Un suspiro profundo justo después de abrir los ojos gracias a la tercera alarma que suena desde tu celular y, luego un suspiro que grita “Resignación” desde los pulmones, se sientan en la cama por uno, dos… tres minutos, se llevan las manos a la cara, la estrujan con fuerza, otro suspiro profundo y… exhalan, al tiempo que se levantan de la cama y es cuando tu cerebro recuerda que ha llegado el lunes.

Lunes

Una gran cantidad de personas odian los lunes. ¿Por qué? En mi experiencia se debe a distintas causas:

  1. Los lunes son días que cargan con la maldición de terminar el maravilloso concepto de “Fin de Semana” convirtiéndose en el “Inicio” de la misma.
  2. Normalmente hay reuniones de equipos, esas reuniones que todos odiamos, donde se nos recuerda que debemos terminar lo que empezamos el viernes y comenzar con lo que habíamos olvidado.
  3. Los lunes son días donde el tiempo se queda a mirar atónito el paralizado tránsito, haciendo que este día se sienta de; al menos, 28 horas y unos cuantos minutos más.
  4. Son días donde no tenemos ni recargamos energías. Venimos de unos días de descanso en los que en realidad no descansamos nada, así que, debemos esperar el martes para que nuestras fuerzas vuelvan.

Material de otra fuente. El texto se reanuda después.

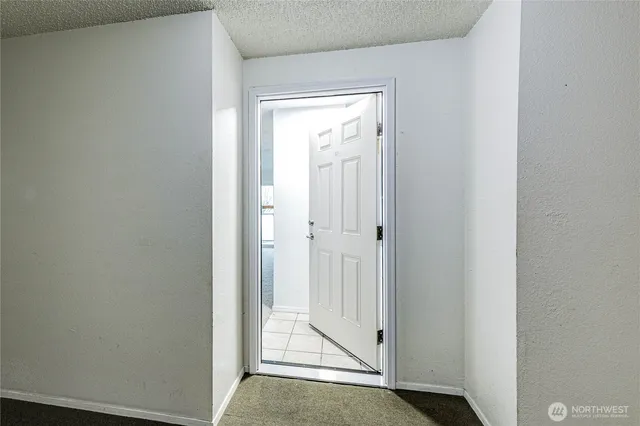 a view of washer and dryer with bathroom in it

La gente debe llegar temprano al trabajo, salir tarde, entregar informes, mostrar resultados… el lunes es el día perfecto para sentirse totalmente un Godines. Menos para mí.

Para mí el lunes es un día hermoso, y más este, donde está lloviendo. Entre charcos de agua que mojaron mis zapatos nuevos, el paraguas que se quebró junto con mi camisa al atascarse en la varilla que sobresalía del carro viejo que me acerco a mi trabajo.

Es un perfecto lunes donde, a causa de los agentes de tránsito (que no se pusieron de acuerdo al dar la orden para mover la multitud de vehículos), termine en medio de la calle con los autos encima, tocando la bocina y amenazando con atropellarme mientras insultaban a mis ancestros.

No podría ser un lunes más maravilloso. Uno donde, a causa del piso mojado, resbale al entrar a la oficina y caí de nalgas justo al lado de mi jefe quien, con pocas ganas, pregunto: ¿Todo bien?

Puede que suene que he tenido un día fatal… bueno, es lunes, no esperaba menos; quizás si hubiese sido un viernes sonaría divertido. Al fin y al cabo, nada de eso me importa, nada impedirá que, desde hoy, el lunes sea mi día favorito.

Hoy, un lunes; mojado, con la camisa rota, con los pies inundados de agua y de seguro con un hematoma… te vi.

Hoy te vi y me sonreíste. Es el mejor día de toda mi puta vida.